(Information provided):
....

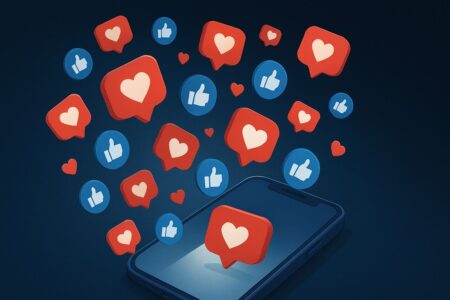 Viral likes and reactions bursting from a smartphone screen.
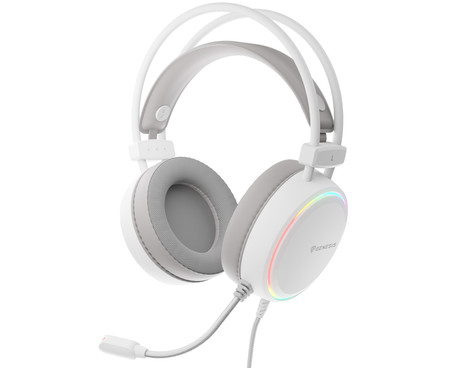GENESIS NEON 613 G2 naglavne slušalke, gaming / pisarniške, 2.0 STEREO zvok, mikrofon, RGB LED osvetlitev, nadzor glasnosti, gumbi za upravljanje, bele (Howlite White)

....

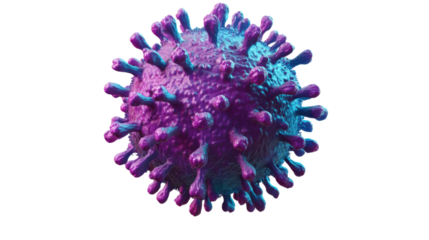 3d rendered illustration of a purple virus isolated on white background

....

(Activity):
Both the line above containing "Viral likes and" and the line containing "GENESIS NEON 613" belong in the copy, along with every line between them; print these exactly and omit the pictures.

(Answer for this exercise):
 Viral likes and reactions bursting from a smartphone screen.
GENESIS NEON 613 G2 naglavne slušalke, gaming / pisarniške, 2.0 STEREO zvok, mikrofon, RGB LED osvetlitev, nadzor glasnosti, gumbi za upravljanje, bele (Howlite White)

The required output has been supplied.